Collection entries:

###

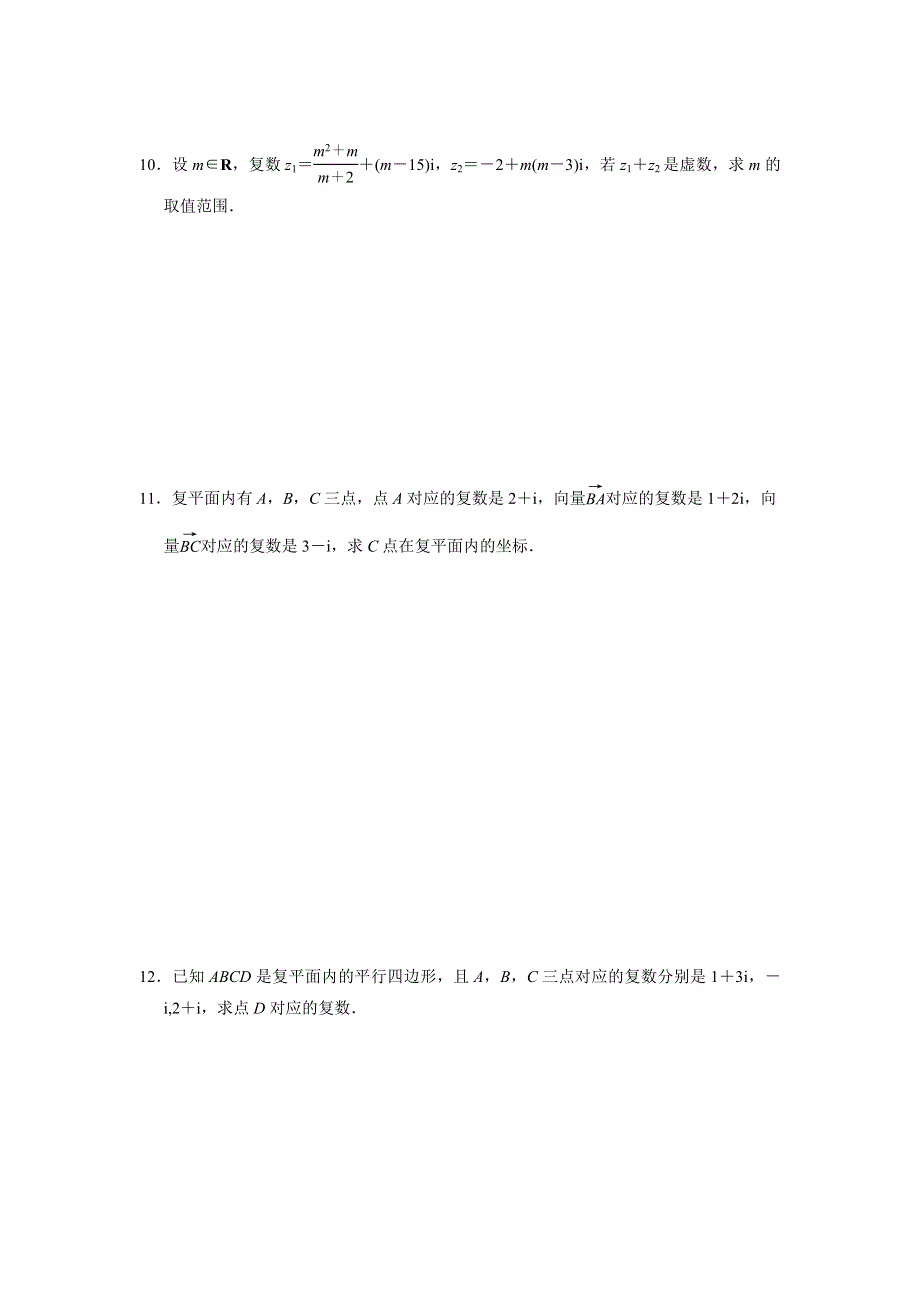 《学案导学》2015-2016学年高二数学人教B版选修1-2同步练习：3-2-1 复数的加法和减法 WORD版含解析.doc_第2页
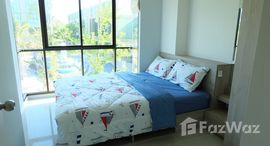 ยูนิตที่เหลืออยู่ในโครงการ ลุมพินี พาร์คบีช ชะอำ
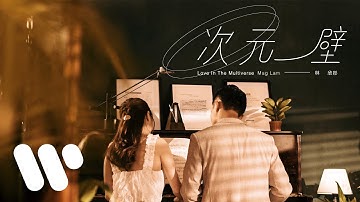 林欣彤 Mag Lam - 次元壁 Love in the Multiverse (Official Music Video)
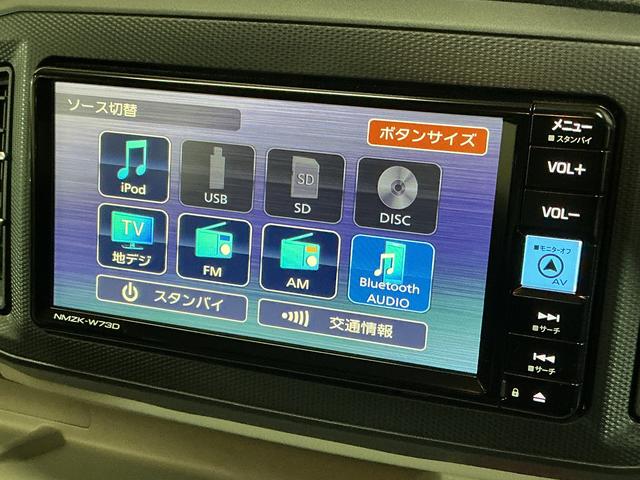 ミライースＸ　リミテッドＳＡIII　レンタカーアップ　ナビ　ＥＴＣレンタカーアップ　ナビ　バックカメラ　ＥＴＣ　ドライブレコーダー　前後コーナーセンサー　オートマチックハイビーム　ＵＳＢ接続　Ｂｌｕｅｔｏｏｔｈ　ＤＶＤ再生　フルセグＴＶ　ＬＥＤヘッドライト（京都府）の中古車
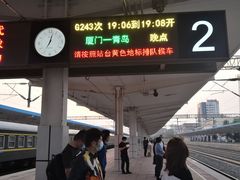 -潍坊站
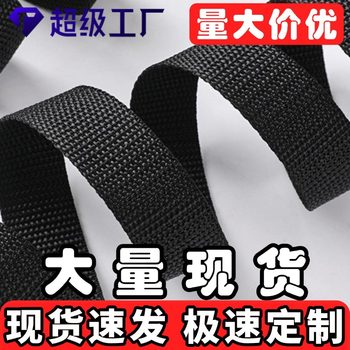 In Stock, Free Shipping, Thickened Black Webbing Wholesale, Edge Binding Tape, Luggage and Clothing Webbing Accessories, Herringbone Pattern Polypropylene Webbing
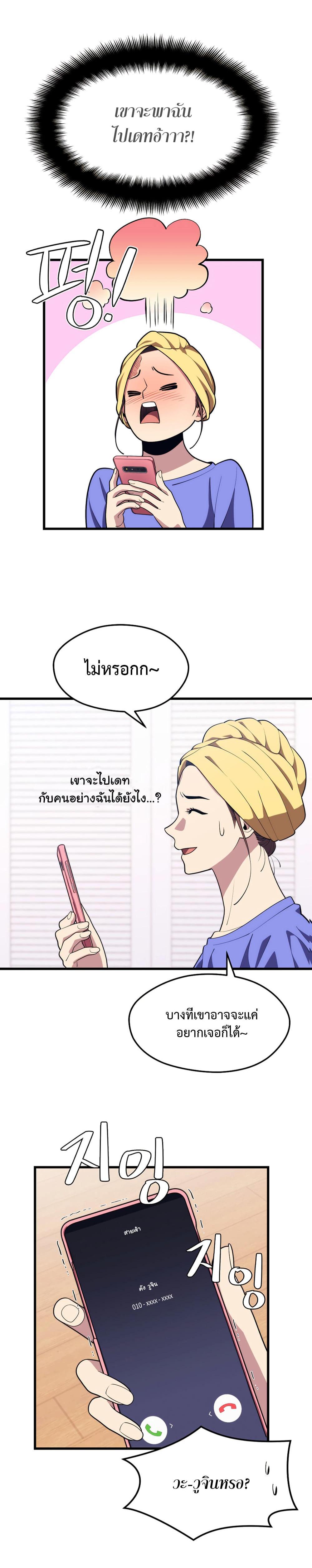 Seoul Station’s Necromancer Chap 25 - Next Chap 26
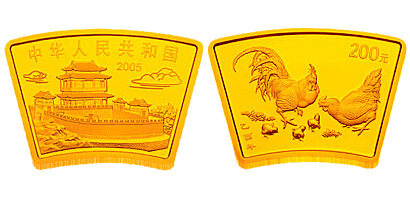 中国乙酉(鸡)年生肖金币(扇形)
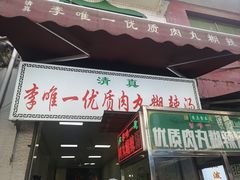 -清真李唯一优质肉丸糊辣汤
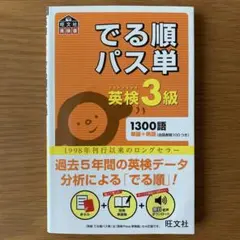 でる順パス単 英検3級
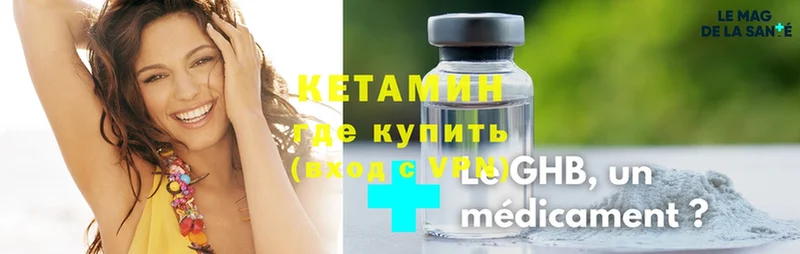 Кетамин ketamine  Ялуторовск 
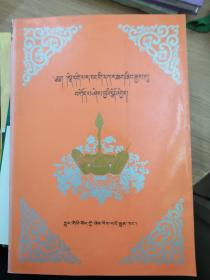 伏藏典籍——德格印经院藏版目录大全（2）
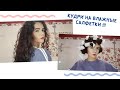 Локоны без бигуди / без плойки / без заморочек!!! How to make curls using wet wipes 🤧😜🙃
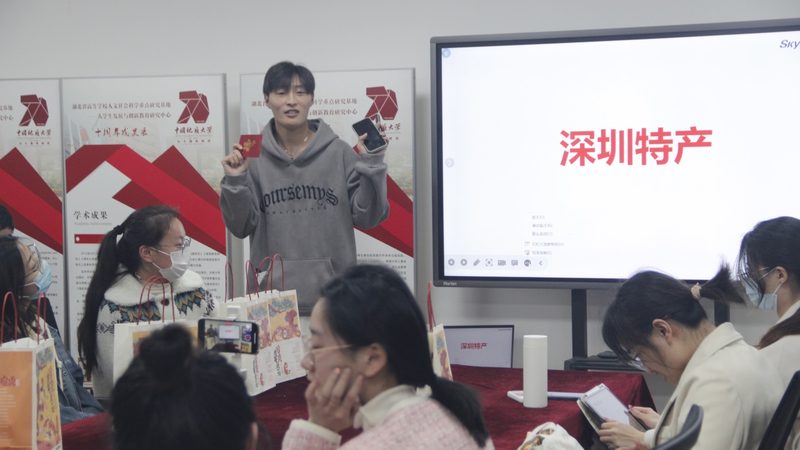 会计转行考教师资格证怎么规划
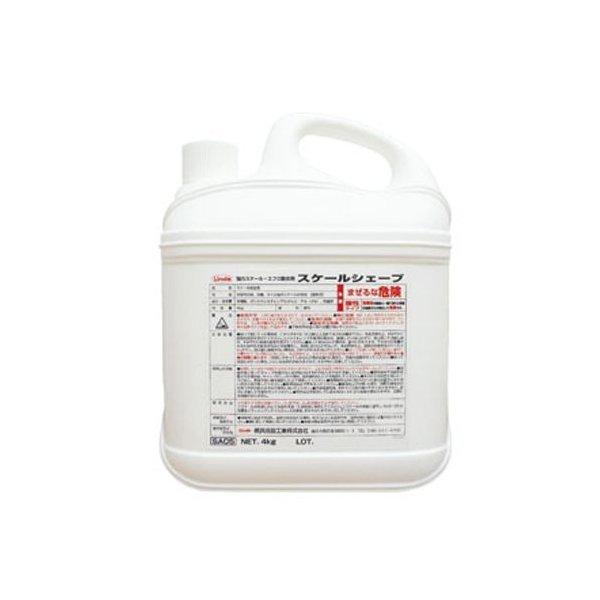 スケールシェイブ ポリボトル/4kg 横浜油脂工業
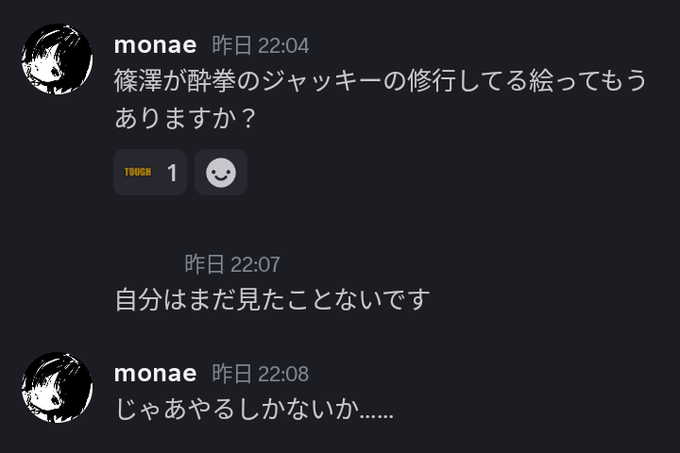 https://t.co/OR3G9o8kui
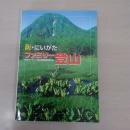 新・にいがたファミリー登山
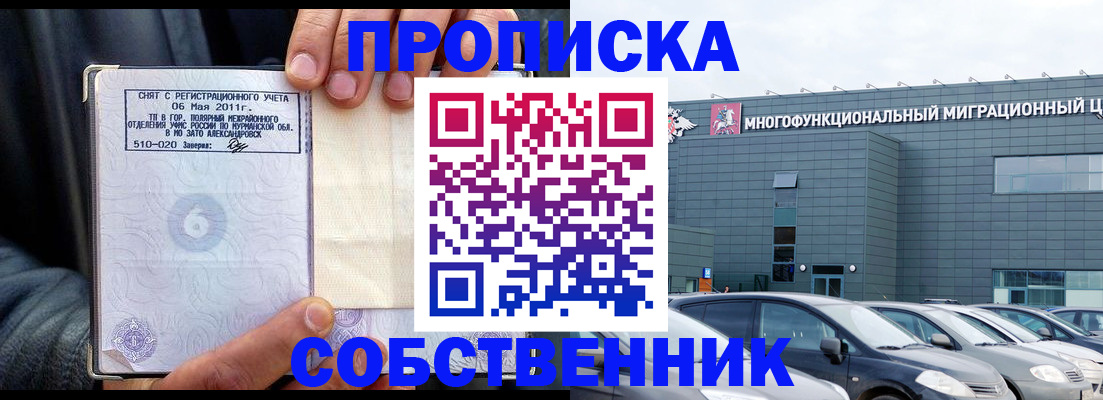 временная регистрация 2025 в Мензелинске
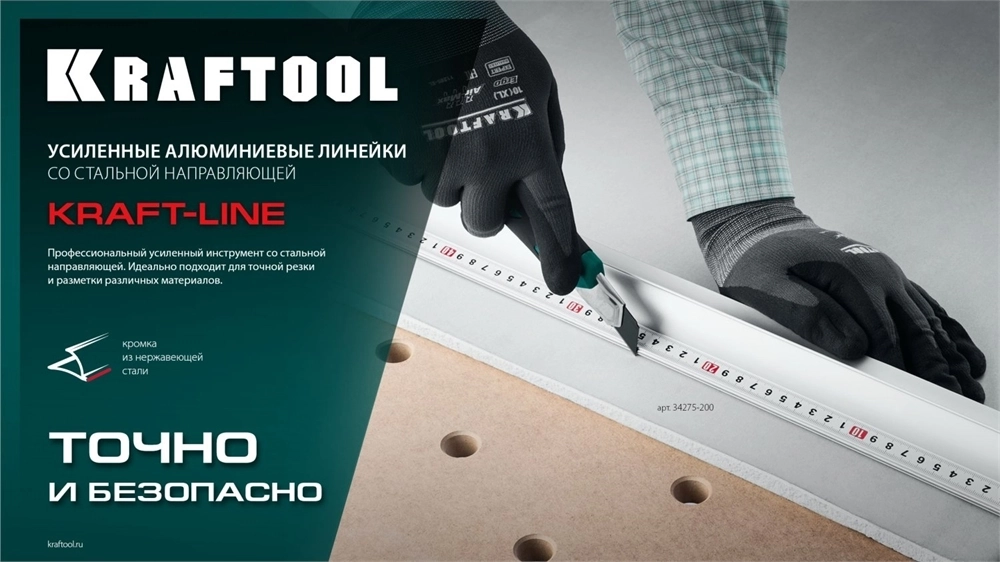 KRAFTOOL  KRAFT-LINE, 1.0 м, усиленная алюминиевая линейка со стальной направляющей (34275-100) 34275-100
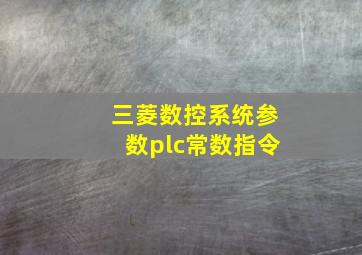 三菱数控系统参数plc常数指令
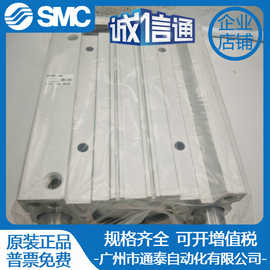 SMC三轴三杆导杆气缸MGPM63-150Z全新原装 实拍图片 假一罚十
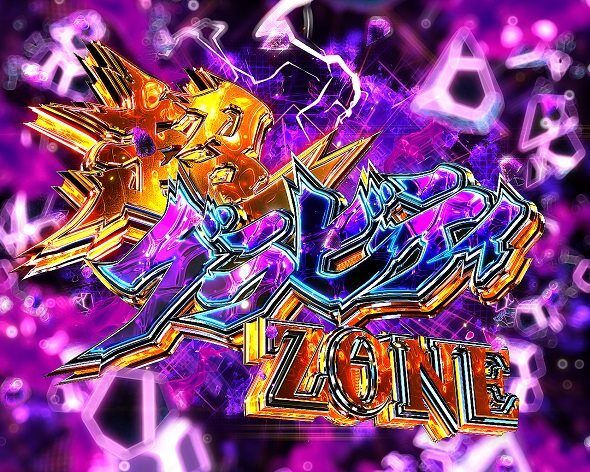 e EDENS ZERO ~究極LT~ 超グラビティZONE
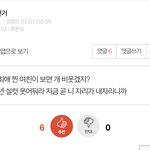 유사<b>자학</b>플때 이 글 존 나 웃겼음
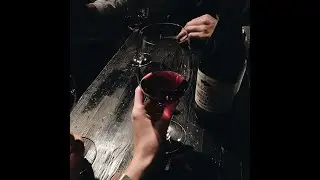 Иной Смысл - Красное вино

###

Problem description – Only one thing is required: an exact printout of the lines from the line containing "でる順パス単 英検3級" through the last line of the records, pictures excluded.

Answer section –
 でる順パス単 英検3級
 Кетамин ketamine  Ялуторовск 
 伏藏典籍——德格印经院藏版目录大全（2）
 Локоны без бигуди / без плойки / без заморочек!!! How to make curls using wet wipes 🤧😜🙃
 会计转行考教师资格证怎么规划
 スケールシェイブ ポリボトル/4kg 横浜油脂工業
 https://t.co/OR3G9o8kui
 新・にいがたファミリー登山
 временная регистрация 2025 в Мензелинске
 KRAFTOOL  KRAFT-LINE, 1.0 м, усиленная алюминиевая линейка со стальной направляющей (34275-100) 34275-100
 三菱数控系统参数plc常数指令
 SMC三轴三杆导杆气缸MGPM63-150Z全新原装 实拍图片 假一罚十
 e EDENS ZERO ~究極LT~ 超グラビティZONE
 유사<b>자학</b>플때 이 글 존 나 웃겼음
 Иной Смысл - Красное вино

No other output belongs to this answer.